Tuesday, March 6, 2007

Good voice for TV.

After posting an extra long rant to my online book club about a book I really didn't like, I popped in to my favorite non-celebrity-stranger's blog to unwind and found a cute quiz on accents. I "don't have an accent".

What American accent do you have?
Your Result: The Midland

"You have a Midland accent" is just another way of saying "you don't have an accent." You probably are from the Midland (Pennsylvania, southern Ohio, southern Indiana, southern Illinois, and Missouri) but then for all we know you could be from Florida or Charleston or one of those big southern cities like Atlanta or Dallas. You have a good voice for TV and radio.

The West
North Central
The Inland North
The South
The Northeast
What American accent do you have?
Quiz Created on GoToQuiz

Naturally, I do have an accent. But our media cultivates their voice talent from the Midwest so I match the broadcast norm, meaning that most people who watch the news will think I speak normally, even if it's different from them. For the record, my parents are from Illinois but lived in Texas, Monterrey CA, and northwoods NH before having my brother and I and eventually winding up in MN where kids play "Duck, Duck, Grey Duck", not "Duck, Duck, Goose" as we'd learned during our brief stint in Illinois. (Which is pronounced /ill-ih-NOY/ for those who don't know. The 's' is silent. Really. I'm not trying to get you beat up on the playground. If I wanted to do that, I would expound more on the Duck game.)

There was one question in the quiz I found particularly interesting. Here's why!

I teach Cued Speech. It's a method of using hand shapes and placements while speaking (or mouthing speech) to clearly distinguish the meaningful speech sounds of consonants (hand shapes) and vowels (hand placement). It allows someone to "lipread" without guesswork. And it's pure genius, IMHO. It was developed by Dr. Cornett at Gallaudet to increase literacy among the Deaf by allowing them visual access to the phonics of spoken language and it works like no other method. It is just fantastically successful in this regard for the people who use it consistently. (See Cued Speech link in "Stuff what I do" sidebar.)

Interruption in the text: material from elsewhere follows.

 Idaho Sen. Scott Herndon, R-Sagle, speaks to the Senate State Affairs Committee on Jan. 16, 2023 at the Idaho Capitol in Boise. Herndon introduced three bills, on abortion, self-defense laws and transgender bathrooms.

But within the Cued Speech community, as in all communities, there is bitter, bitter debate about a minor issue. Ours is whether an unstressed /ee/ is cued as the vowel sound /EE/ at the mouth or /i/ (/ih/) at the throat. A sound recording engineer and storyteller from my first class quit halfway through in disgust because he was adamant that the /ee/ is an /EE/ whether stressed or not, and the teacher was holding the party line that /ee/ is /i/, though she's flexible in private, it turns out. I'm on the sound engineer's side of that argument. I have sung in choruses for many, many years, and "ay" is /ah-ee/ not /ah-i/. I may not have known much of phonics, phonemes, or phonetics before this class, but I know my /ee/ is not an /i/. The overarching philosophy in Cued Speech is "cue what you say" so why there is such absolutism on the ee/ih issue, I have no idea.

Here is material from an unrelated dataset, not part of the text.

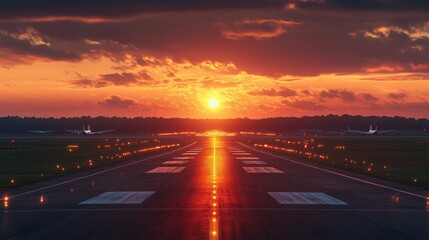 Obraz premium Airplanes are parked on the runway with a stunning sunset illuminating the horizon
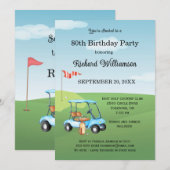 80歳の誕生日パーティー ゴルフ テーマパーティー 招待状 (正面/裏面)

I finally allowed myself to just "cue what I say" and to hell with the party line after I read this entry in my Webster's Collegiate Dictionary's pronunciation guide:
    "/ee/ in unstressed syllables, as in easy, mealy. Though the fact is not shown in this book, some dialects such as southern British and southern US often, if not usually, pronounce /i/ instead of unstressed /ee/."
And where was CS developed and researched and where is the highest concentration of users? Maryland. Where they do say /i/ for an unstressed /ee/ to the point where they can no longer hear /ee/ (this sort of thing happens, really). Why the arbiters of CS don't fuss about distinguishing Mary, merry, and marry if you don't distinguish them but will insist with their last breath that you have a cook-ih for desert, I just don't know.

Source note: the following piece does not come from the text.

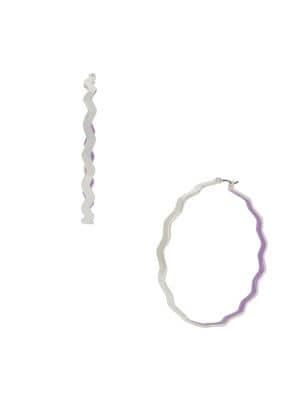 Bcbgeneration Zig Zag Large Hoop Earrings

But I do have a point. Which is that I'm right and /ee/ can be /EE/ OR /i/ depending on accent. The makers of this completely inconsequential internet quiz were hip to this /ee/ as /i/ enigma that many language professionals of my acquaintance flatly deny, in spite of being otherwise good and skilled people. And since I have *no accent* you should believe me and all other things you read off the internet. And pay no attention to the fact that I play fast and loose with phonetic transcription.

1 comment:

Anonymous said...

You do have an accent :) :)

But I have a friend from the twangy South and that really bothered me for about a minute the first time I talked to her on the phone. Just didn't fit the emails.